[Dataset records]

============================================================

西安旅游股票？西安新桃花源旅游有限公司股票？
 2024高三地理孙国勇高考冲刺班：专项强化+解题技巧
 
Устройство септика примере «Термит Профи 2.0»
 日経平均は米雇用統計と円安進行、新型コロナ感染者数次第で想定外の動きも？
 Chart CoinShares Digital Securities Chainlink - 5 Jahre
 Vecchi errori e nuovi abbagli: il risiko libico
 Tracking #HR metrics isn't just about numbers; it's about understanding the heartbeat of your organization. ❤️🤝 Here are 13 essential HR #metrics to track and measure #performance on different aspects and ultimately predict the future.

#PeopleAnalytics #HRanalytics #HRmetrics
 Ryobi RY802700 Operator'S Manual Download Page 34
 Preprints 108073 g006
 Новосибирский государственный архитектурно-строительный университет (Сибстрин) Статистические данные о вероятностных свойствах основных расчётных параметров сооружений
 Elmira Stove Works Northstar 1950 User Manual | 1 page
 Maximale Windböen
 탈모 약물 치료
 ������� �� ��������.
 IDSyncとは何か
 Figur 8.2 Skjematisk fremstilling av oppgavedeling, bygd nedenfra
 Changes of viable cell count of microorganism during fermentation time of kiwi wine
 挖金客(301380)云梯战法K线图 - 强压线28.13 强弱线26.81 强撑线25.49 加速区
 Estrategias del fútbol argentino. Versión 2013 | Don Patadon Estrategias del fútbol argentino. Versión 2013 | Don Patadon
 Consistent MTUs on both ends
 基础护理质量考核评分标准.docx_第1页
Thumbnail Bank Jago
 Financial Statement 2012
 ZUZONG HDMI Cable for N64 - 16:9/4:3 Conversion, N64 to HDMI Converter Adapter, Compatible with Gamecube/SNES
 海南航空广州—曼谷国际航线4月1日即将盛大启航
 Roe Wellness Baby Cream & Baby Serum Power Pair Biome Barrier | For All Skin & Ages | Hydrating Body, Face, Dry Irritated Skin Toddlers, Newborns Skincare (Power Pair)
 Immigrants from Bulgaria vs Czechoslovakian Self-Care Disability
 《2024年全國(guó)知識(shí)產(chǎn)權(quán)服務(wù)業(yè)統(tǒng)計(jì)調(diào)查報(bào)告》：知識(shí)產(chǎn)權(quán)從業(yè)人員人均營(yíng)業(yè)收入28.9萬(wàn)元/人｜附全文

============================================================

* _Activity_: Print only these lines, please. They run from the start of the entries above to the line containing "Vecchi errori e", both ends included, and must match exactly.

* _Result for this exercise_:
西安旅游股票？西安新桃花源旅游有限公司股票？
 2024高三地理孙国勇高考冲刺班：专项强化+解题技巧
 
Устройство септика примере «Термит Профи 2.0»
 日経平均は米雇用統計と円安進行、新型コロナ感染者数次第で想定外の動きも？
 Chart CoinShares Digital Securities Chainlink - 5 Jahre
 Vecchi errori e nuovi abbagli: il risiko libico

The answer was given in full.